_EXERCISE DATA:_

* * * *

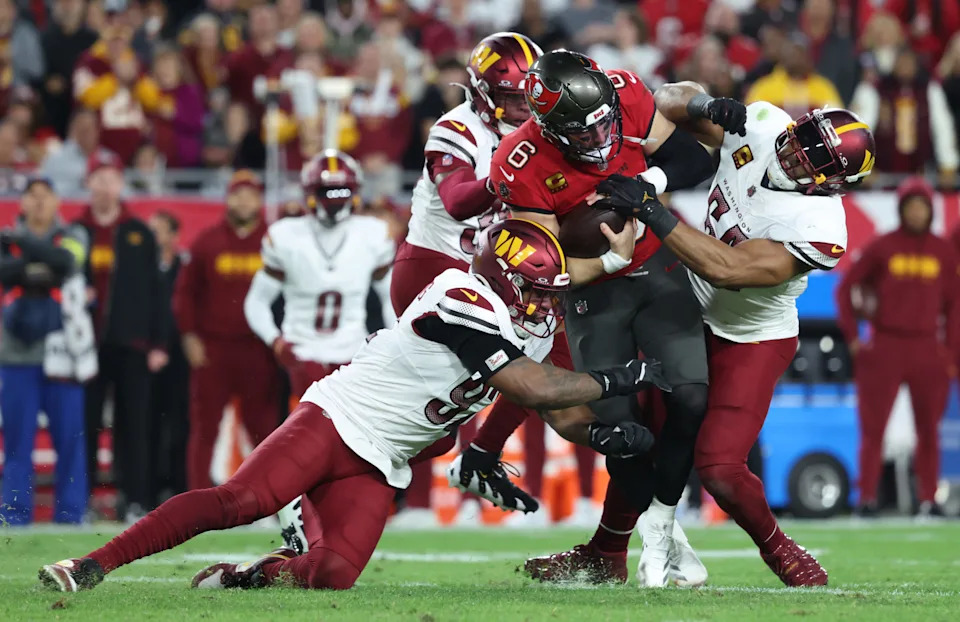 Jan 12, 2025; Tampa, Florida, USA; Tampa Bay Buccaneers quarterback Baker Mayfield (6) runs against Washington Commanders defensive end Dorance Armstrong (92) and linebacker Bobby Wagner (54) during the second quarter of a NFC wild card playoff at Raymond James Stadium. Mandatory Credit: Kim Klement Neitzel-Imagn Images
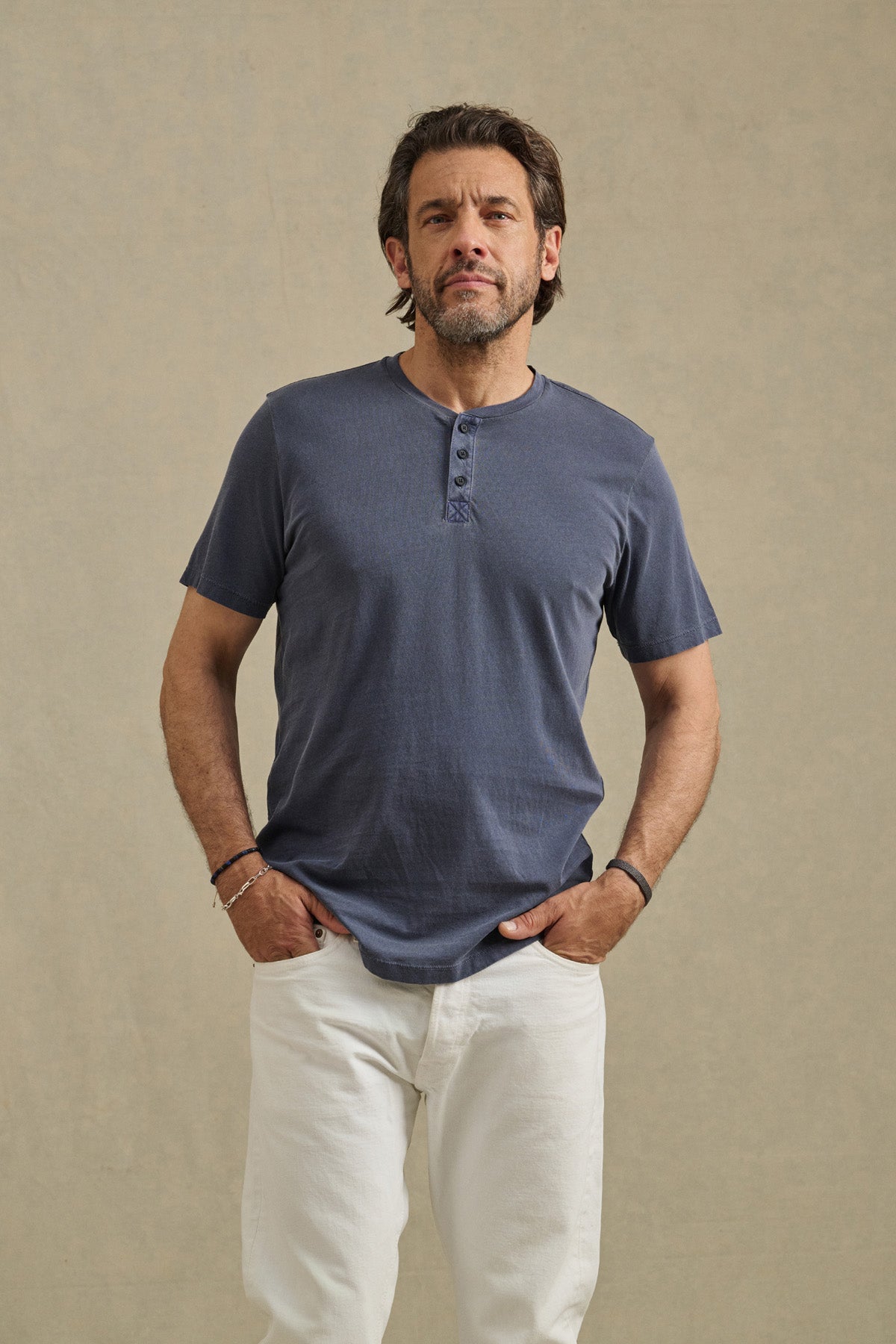 A man with dark hair and a beard stands against a neutral background, wearing the Velvet by Graham & Spencer FULTON HENLEY—a short-sleeved blue tee with a curved hemline—and white pants, his hands in his pockets.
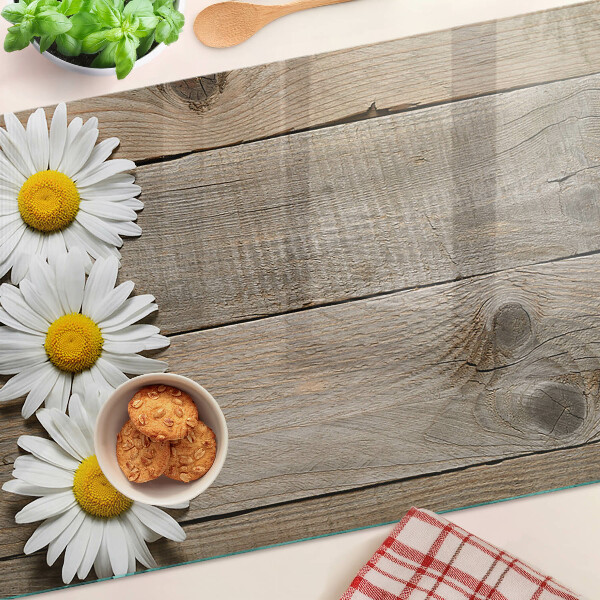 Tabla para cortar Flores sobre un fondo de madera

* * * *

_WHAT YOU ARE ASKED TO DO:_ Return the material exactly as given, apart from the pictures.

_ANSWER AREA:_
 Jan 12, 2025; Tampa, Florida, USA; Tampa Bay Buccaneers quarterback Baker Mayfield (6) runs against Washington Commanders defensive end Dorance Armstrong (92) and linebacker Bobby Wagner (54) during the second quarter of a NFC wild card playoff at Raymond James Stadium. Mandatory Credit: Kim Klement Neitzel-Imagn Images
 A man with dark hair and a beard stands against a neutral background, wearing the Velvet by Graham & Spencer FULTON HENLEY—a short-sleeved blue tee with a curved hemline—and white pants, his hands in his pockets.
 Tabla para cortar Flores sobre un fondo de madera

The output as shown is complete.